"Andrij Szewczenko rozmawia z Genoą w sprawie rozwiązania kontraktu, który wiąże go do czerwca 2024 r. Rozmowy nie są łatwe. (...) Kontrakt ten sprawia, że mógłby on nie pracować przez kolejne dwa i pół roku, a i tak dostawałby pensję 2,5 mln euro rocznie. To sprawia, że Ukrainiec nie będzie forsował jego rozwiązania. Z początku Ukrainiec zaproponował, aby Włosi wypłacili mu całość kontraktu. Szans na zaakceptowanie takiego rozwiązania przez Genoę nie było jednak żadnych. Ukrainiec chciałby więc zagwarantować sobie wypłatę dużej części rozwiązywanej umowy" - pisaliśmy w środę wieczorem.
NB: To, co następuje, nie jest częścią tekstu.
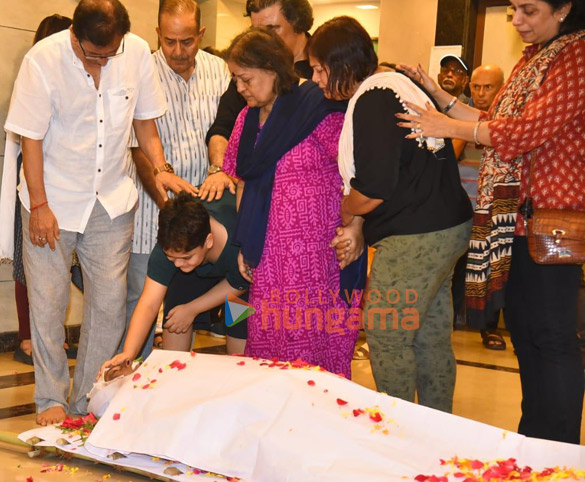 photos celebs attend nitesh pandeys funeral 6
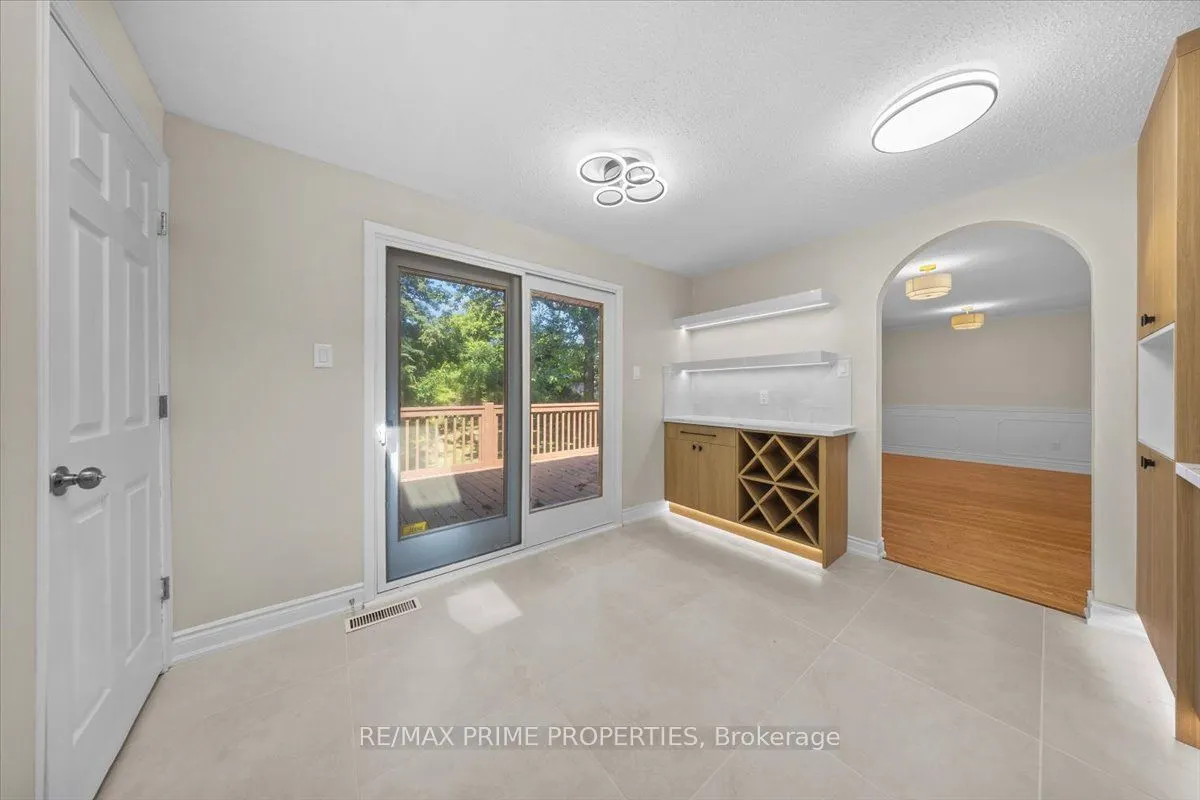 104 Queensline Drive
Problem polegał na tym, że Genoa wcale nie kwapiła się do wypłaty Szewczence dużych pieniędzy. "Trzeba jednak pamiętać, że Włosi doskonale wiedzą o rozmowach na linii Szewczenko – PZPN. Oni także będą chcieli je wykorzystać, by ich odszkodowanie dla trenera było jak najmniejsze, a gra toczy się o duże pieniądze" - ostrzegaliśmy.
Media na Ukrainie informują teraz, że te przepuszczenia okazały się prawdziwe. Ukraiński dziennikarz Igor Tsyganik napisał na Twitterze, że Andrij Szewczenko nie zdołał dojść do porozumienia ws. rozwiązania kontraktu z włoskim klubem. To oczywiście oznacza, że nie zostanie on także nowym selekcjonerem reprezentacji Polski.
Tsyganik dodał też, że PZPN nowego selekcjonera wybierze wśród polskich trenerów. Jeśli te informacje się potwierdzą, do roli faworyta wróci Adam Nawałka, z którym zdecydowana większość kwestii jest już dogadana. Były selekcjoner "czeka w blokach", a do schowania honoru do kieszeni motywuje go pensja w wysokości 200 tysięcy złotych, którą miałby otrzymać w razie podpisania kontraktu z PZPN.